Que contiennent ces vieux articles mal repeints que Claretie et Fasquelle nous vendent honnêtement pour du neuf ? Des anecdotes indifférentes et ressassées. Une admiration inepte, sans critique, déshonorante à qui l’éprouve et presque à qui la produit. En voilà un qui « admire comme une brute. » Son estomac avide n’a pas encore assez avalé de Hugo. Il pleure, le pauvre affamé : « Le Post-Scriptum de ma vie forme MALHEUREUSEMENT le dernier volume de prose à publier. »

Ailleurs, Claretie cite quelques « livres immortels » et le premier titre qu’il proclame, c’est Bug-Jargal ! Prudent, il motive rarement son admiration. S’il se hasarde, il se manifeste le plus amusant des critiques. Il nous signale par exemple « la Légende des Siècles dont les chansons exquises nous charmaient. » La légende des siècles exquise ! Le Corneille est joli quelquefois, n’est-ce pas, Jules ? Aimez-vous les Lettres à la fiancée ? Claretie les déclare un chef-d’œuvre parce que celui qui les écrit « est un laborieux et brave garçon. » Cet académicien me rend optimiste : je suis maintenant certain que la saison prochaine produira quelques chefs-d’œuvre.

Où Jules devient particulièrement intéressant c’est lorsque, quittant les livres, il parle de la vie de son héros.

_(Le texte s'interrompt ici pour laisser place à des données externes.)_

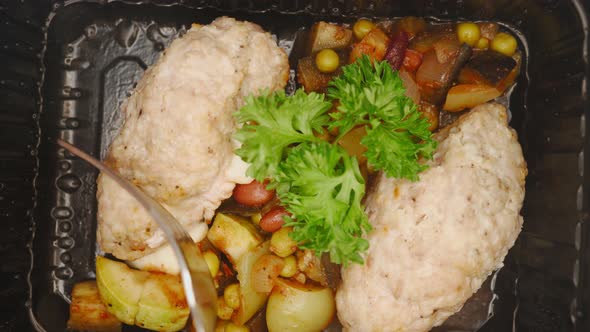 POV Video an Unrecognizable Person Eats a Cutlet From Plate with Fork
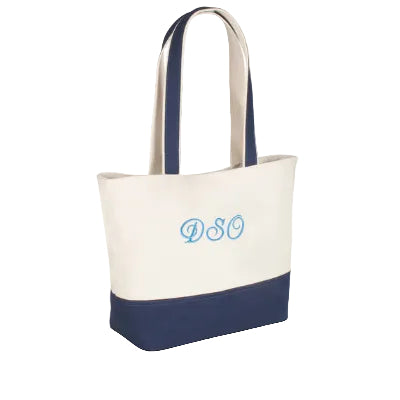 Tote bag with navy bottom half and white top half, featuring the letters 'DSC' in blue.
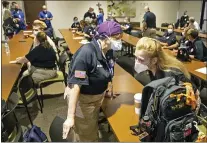  ?? TED JACKSON — THE ASSOCIATED PRESS ?? Hindy Bogner Orenstein, a nurse from Maryland, chats with Bren Ingle, a nurse from Chattanoog­a, Tenn., as nearly three dozen healthcare workers from around the country arrive to help vaccinatio­n efforts in Baton Rouge, La., Monday.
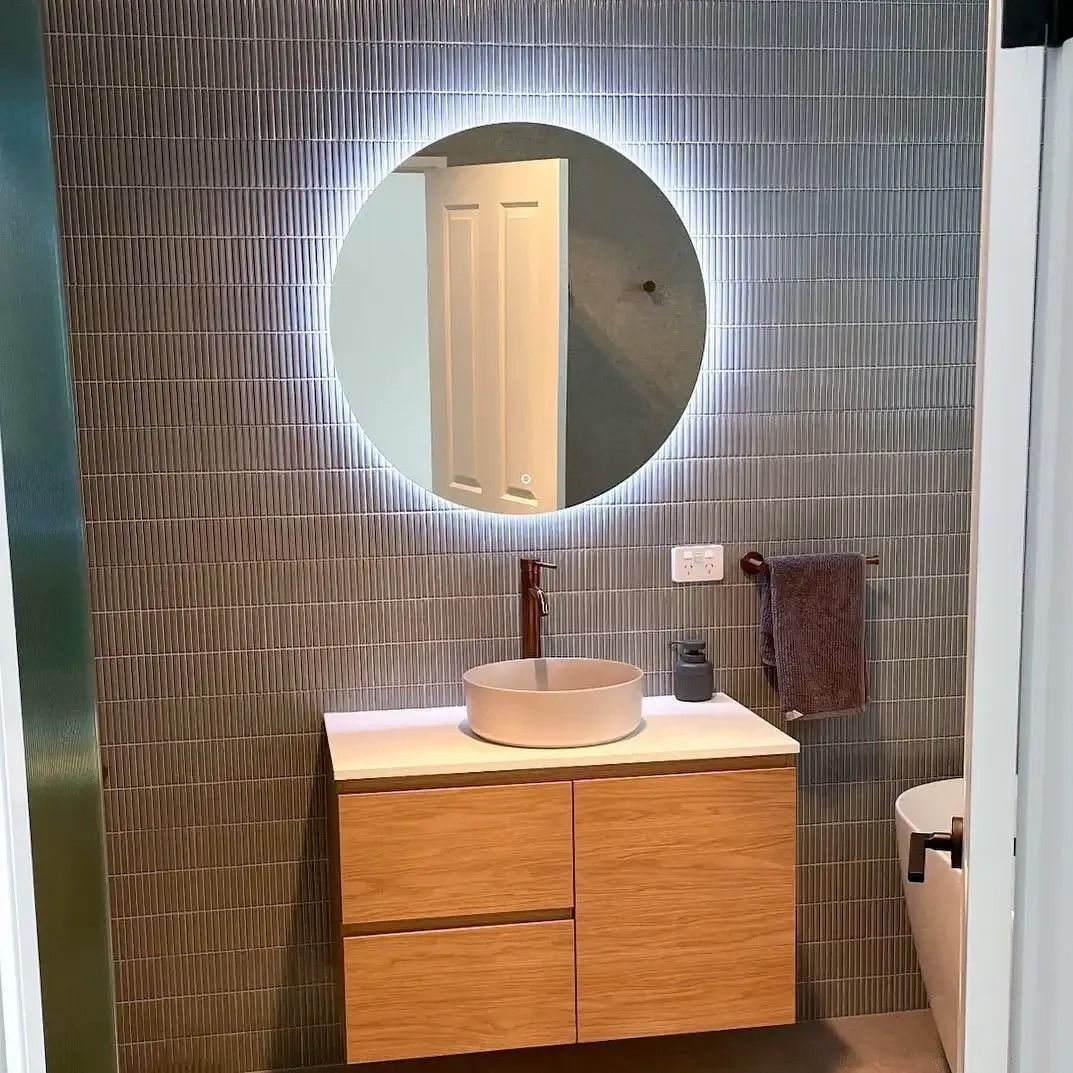 A bathroom with a sink , mirror and toilet. — Thomas Croker Constructions In Myrtleville, NSW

Lui aussi est un brave garçon, et qui s’attendrit devant les beaux spectacles. « S’imagine-t-on — s’écrie-t-il avec des larmes dans la voix — s’imagine-t-on Victor Hugo prenant des mouchettes pour couper la mèche d’une lampe qui charbonne ? » Et M. Claretie, commerçant qui connaît le prix de la réclame, profite de l’occasion pour nous informer que M. Claretie « possède les mouchettes de Rachel, en argent. »

Ah ! rien n’est petit et sans intérêt de ce qui concerne Victor Hugo ou Jules Claretie. Que de détails précieux nous devons à ce livre. Sachez que, dans le manuscrit d’Hernani, « Victor Hugo a donné à ses actes non pas un numéro mais une lettre spéciale : a, b, c, d, et e. » Apprenez encore que, le titre de ce drame est tracé « en grandes lettres figurant l’imprimerie et séparées les unes des autres » tandis que « le titre de Marion de Lorme est écrit en lettres anglaises. »

Ainsi, pendant 263 pages, Jules Claretie recueille d’inestimables rognures d’ongles et — espérons que ça lui portera bonheur — avale, béat, les excréments desséchés de son grand-lama.